# Trade hunt in Louisiana for Lisbon area



## mparrish (Oct 1, 2007)

Will be in the Lisbon area the week of Oct 21 doing duck and pheasant hunting. 2 to 3 hunters. Will have retriever. Need info on where to hunt, etc. I have a friend in Lisbon that has extended permission to hunt a lot of phesant area but he isn't too much of a duck hunter, so suggested I try here. Will trade for duck hunting in North Lousiana.


----------



## malspeck (Nov 21, 2005)

Great hunting in the Monroe area! I grew up in Jennings and hunted the Gueydan area. I have family in the Monroe area and 20 years ago I remember going on a hunt there and it was great. I wish I could help with the Lisbon area but I have no idea where that is. I'm in the Minot AFB area and not much here and it's really dry. Good Luck and if anyone could swap I think it would be worth it. :beer:


----------



## Horsager (Aug 31, 2006)

Mparrish sets a shining example regarding how to obtain good information. I hope someone takes him up on his offer.


----------



## mparrish (Oct 1, 2007)

Just got through reading the links for out of state hunters and will order the POTS maps, etc. I guess really what I am looking for is someone to take us hunting, just to be honest. Not that I don't mind doing the scouting, etc. but we are on a limited timeframe. And doesn't have to be limited to Lisbon area... have gun, will travel. Thanks


----------



## jd mn/nd (Apr 8, 2004)

Why do people always say that they do not have time to scout and then say that they do not mind doing it? Hey my vacation time is limited as well however, scouting is part of hunting, and in ND it really is not that difficult to scout all you have to do is drive down gravel roads and watch the sky and then follow the birds to where ever it is that they are going to. Now that does cost gas money, and that does take all of a couple of hours each day, but what it costs another hunter if someone hands you the GPS cords to the spot, is a tremendous amount of both wasted time and money. If you do your own scouting, and you will soon see that there is another reason, that is you will know if someone else intends to use that field or water the next day or if you will have it all to yourself, now that is not always true but if sit there long enough, to know if it is a good spot, then you will see if your the only one checking out that spot if your not alone move on until you see if you are alone.

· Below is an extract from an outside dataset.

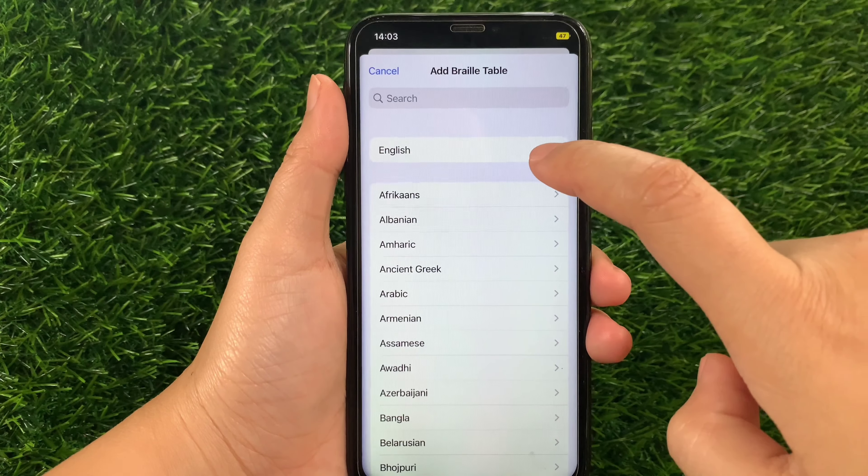Then choose between the options available — such as Grade 1, Grade 2, or System. I will choose English UK. And as you can see, the Braille Table is already set to the English UK system.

Good luck hunting and enjoy your vacation up there, and be carefull not ruin it for someone else while your there. It only gives everyone in the area something to be upset about.


----------



## mparrish (Oct 1, 2007)

I understand your concern about wanting to skip the scouting step. I've been duck hunting for about 50 years, so understand the need for it (I started at 4). Sounds like scouting is a whole lot easier there than it is in Louisiana. What with swamps and forests, etc not much terrain where you can just sit on a road and see the ducks. Plus, no "grid" of roads to follow to get to the birds. It is all 4-wheelers or boating to where they are. I can see where scouting is a lot more feasible there, even with a short time.

I'm reading the new hunter information posted here and kind of getting an idea of the patterns the birds follow there. And roosting won't be part of the plan - we never hunt past noon here.

Thanks for the patience... I'm learning. I guess I will get an education when I am up there. You don't know what you don't know. Believe me, I feel sorry for anyone wanting to just walk up and start hunting down here - much better if a native takes you under his wing! Unless they want to spend the $5,000 to $10,000 for a 5 person blind each year and have a place to hunt.

I'm just looking forward to shooting at a duck that hasn't been shot at for 1500 miles and seen thousands of spreads before it gets to us.


----------



## taddy1340 (Dec 10, 2004)

mparrish said:


> I understand your concern about wanting to skip the scouting step. I've been duck hunting for about 50 years, so understand the need for it (I started at 4). Sounds like scouting is a whole lot easier there than it is in Louisiana. What with swamps and forests, etc not much terrain where you can just sit on a road and see the ducks. Plus, no "grid" of roads to follow to get to the birds. It is all 4-wheelers or boating to where they are. I can see where scouting is a lot more feasible there, even with a short time.
> 
> I'm reading the new hunter information posted here and kind of getting an idea of the patterns the birds follow there. And roosting won't be part of the plan - we never hunt past noon here.
> 
> ...


With that attitude, you'll have a great experience...note I didn't say hunt. Take it all in and be ready to make it an annual trip. Learn what you can and don't be afraid to meet new folks!

Good luck...

Mike


----------



## mparrish (Oct 1, 2007)

Thats what we are looking for - a great experience and meet some good folks. I've done this in 3 other states and have always met great people. Our primary focus is pheasant since we don't have them here - we figured why not get a little duck hunting in while there. I'm anxious to see the "source" of where a lot of our ducks come from.


----------



## H2OfowlND (Feb 10, 2003)

mparrish - Send me a PM if you want some waterfowl hunting. I was born and raised in ND - 27yrs - now stationed at Barksdale, AFB. I'm an avid duck, goose, crane, pheasant...it flies it dies, kinda guy. Send me as much info about you and your party and what you're looking for and we'll see what we can come up with. I'll be "home" Oct. 28-Nov. 16

H2OfowlND
Mike


----------



## shiawassee_kid (Oct 28, 2005)

in all honesty, the first time i went to ND i felt the same way. I was thinking the worst (finding birds) when really it was ALOT easier than i thought. I had the same questions and worries but once i got there and found out it was alot simpler to get on birds than here...you and your crew will be fine. good luck.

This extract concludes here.